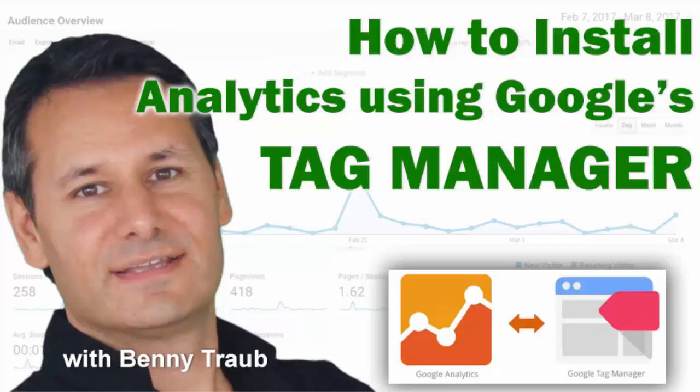In this short tutorial, I'm going to show you how to install Google Analytics on your website using Google Tag Manager.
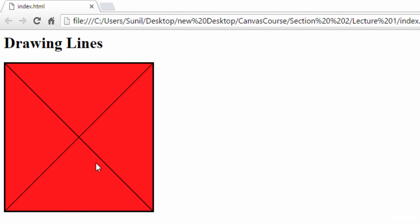This way we can use our imagination to draw something using canvas. See you in the next lecture.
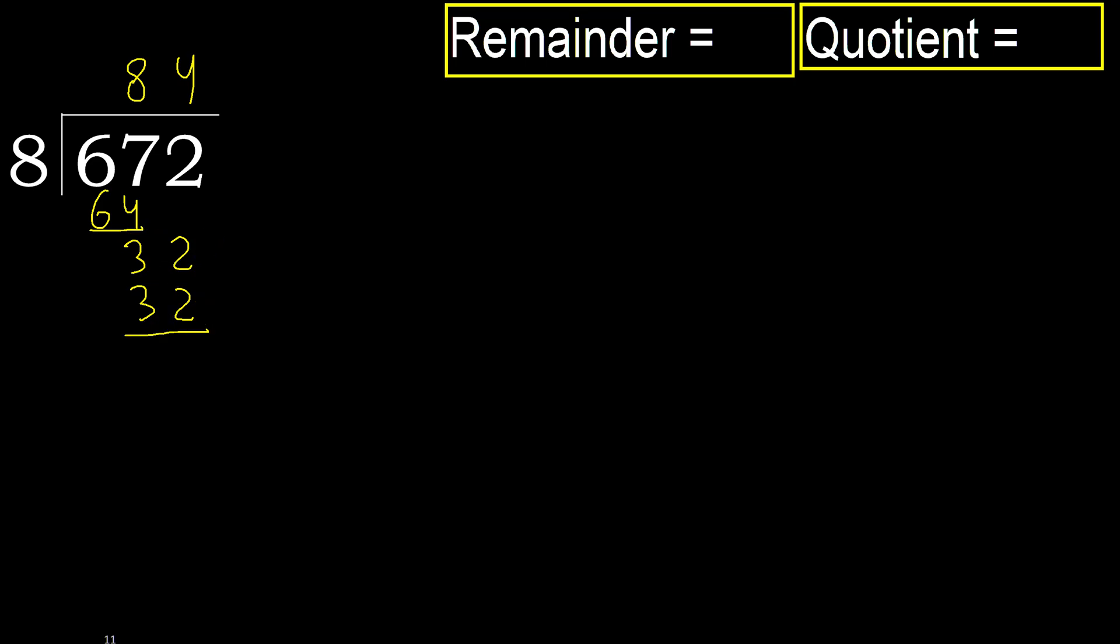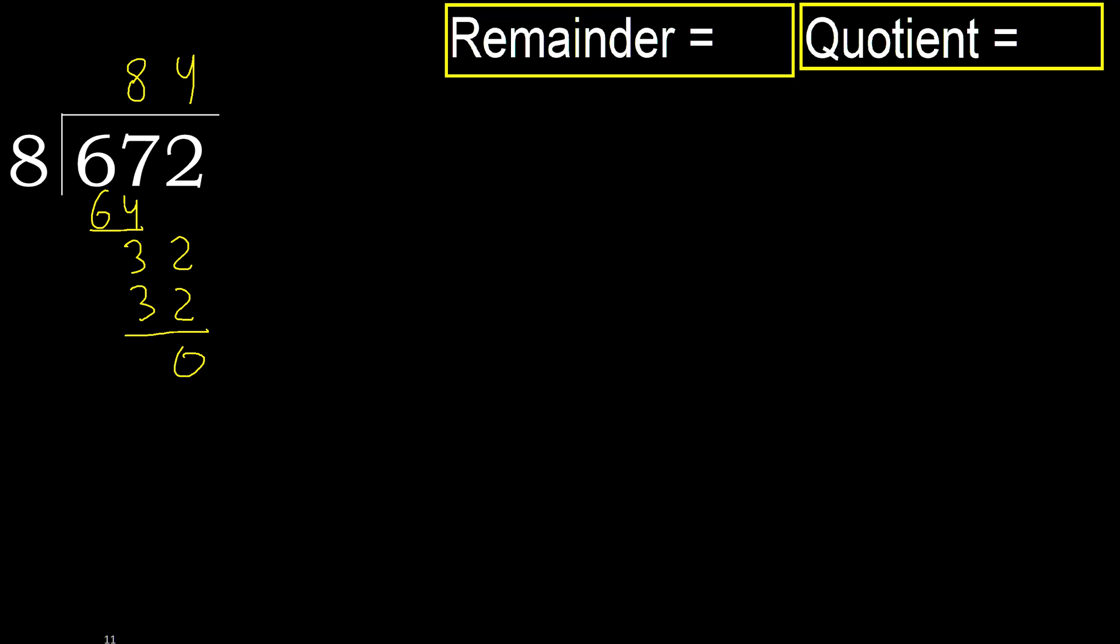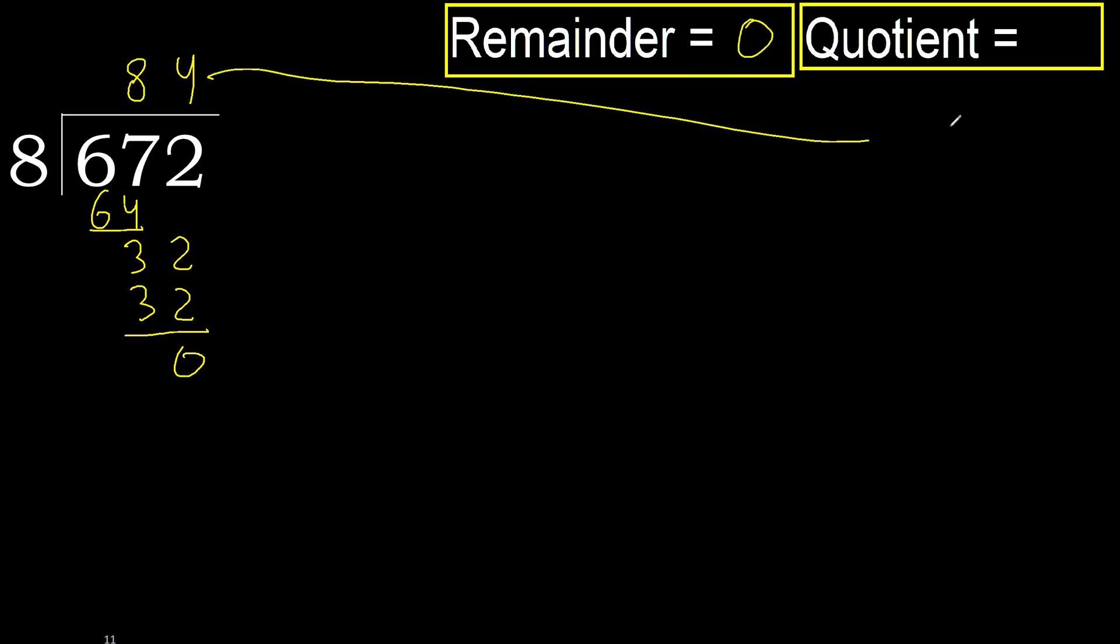Ok. Subtract 32 minus 32, 0. Next, that is not a number, therefore finish it. Ok, 0. Therefore 672 divided by 8 is 84.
◆ ◆ ◆
• EXERCISE OBJECTIVE
Every line of the listing above is to be repeated exactly, with its pictures left out.

• SOLUTION FOR THIS TASK
In this short tutorial, I'm going to show you how to install Google Analytics on your website using Google Tag Manager.
This way we can use our imagination to draw something using canvas. See you in the next lecture.
Ok. Subtract 32 minus 32, 0. Next, that is not a number, therefore finish it. Ok, 0. Therefore 672 divided by 8 is 84.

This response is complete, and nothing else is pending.